Creekside raised bed cabbage shoot. #wonderhollow #rollcall

Perimeters

A few clicks south along a gravel road and you’re there, a property serendipity or dumb luck or the Fates queued up for a look last Wednesday, just as I was giving up on the ridiculous Montgomery County, Va., housing market. Figured I would be renting indefinitely because who can spend all that time online sifting for leads, then schedule and go for a showing, only to find “pending” by the end of the day. Escalation clauses to 50k over asking. Same day cash offers. Waived inspections. But against the grain of improbabilities, then there’s one, and you only need one.

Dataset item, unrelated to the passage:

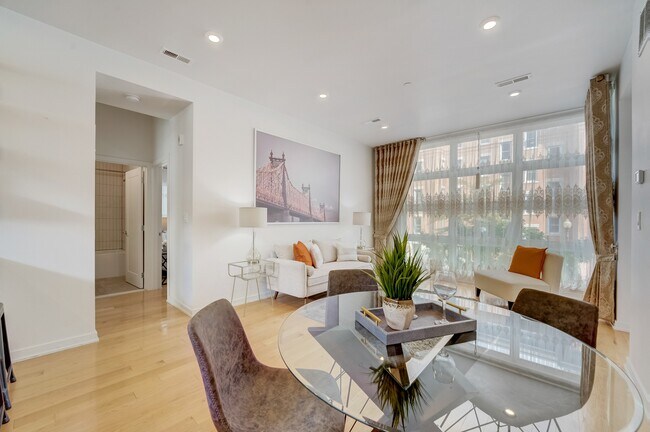 Building Photo - 30 Florida Ave NW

At 5.8 acres in an unincorporated part of the county, I thought it was a long shot. Right-priced. Low taxes. House plus a small guest cottage in back. Pair of workshop-studios. Went to see it. Another prospective buyer crowding in behind us, arriving early as we walked the perimeter, much of it across angular inclines then declines of as much as 200 feet, what in this region is, if you’re talking about the landform, known as a hollow, and if you’re talking about the auditory call-across-a-distance, then it’s a holler. Hollow or holler, it’s always only pronounced holler. Neither a valley nor a cove, a holler comes with a watercourse and little to no flat land. So I put in a good faith bid and waited. Extenuating circumstances had me waiting an extra day and then part of another. On Friday night, a decision: there was a second matching bid, but if we’d waive inspection, it was ours.

Aerial (drone) photograph with approximate property boundary added for southside Christiansburg house now under contract.

The waived inspection doesn’t worry me too too much.

Offer accepted and heaps of paperwork in motion, we went again this evening, a week later, to walk the perimeter again—having also done so on Saturday when we met the sellers who spend 2.5 hours generously going over the finer features, in addition to some idiosyncrasies I’m going to need reminded about. The water pump especially. For the creek or the pond. The electrical configurations for the two wired garages. The quality of HughesNet versus HollerNet. The spigot buried in the front yard. The location of the septic and drain field. Dwelling sorts it out one way or another.

But bears! This evening while walking the perimeter, there a mossy shelf, maybe 15×30-feet, there a knuckled ledge overlooking the holler, there a place for chickens, there a hoop house and garden, there a series of hooks for ladder storage, and there a dispatch of bear scat. And another. I think? I mean, what else? And it’s not like there is a cell signal available to Google bear isht til you get back to the apartment later on. No apps for identifying it definitively. Seller said they’d had a bear pull a trash barrel better than three-quarters of the way up the embankment. Presence of a bear or two accentuates a holler with special caution ahead of moving and planning. But they’re no more worrying than a waived inspection, and obviously they aren’t especially concerned about the location of the septic or drain field.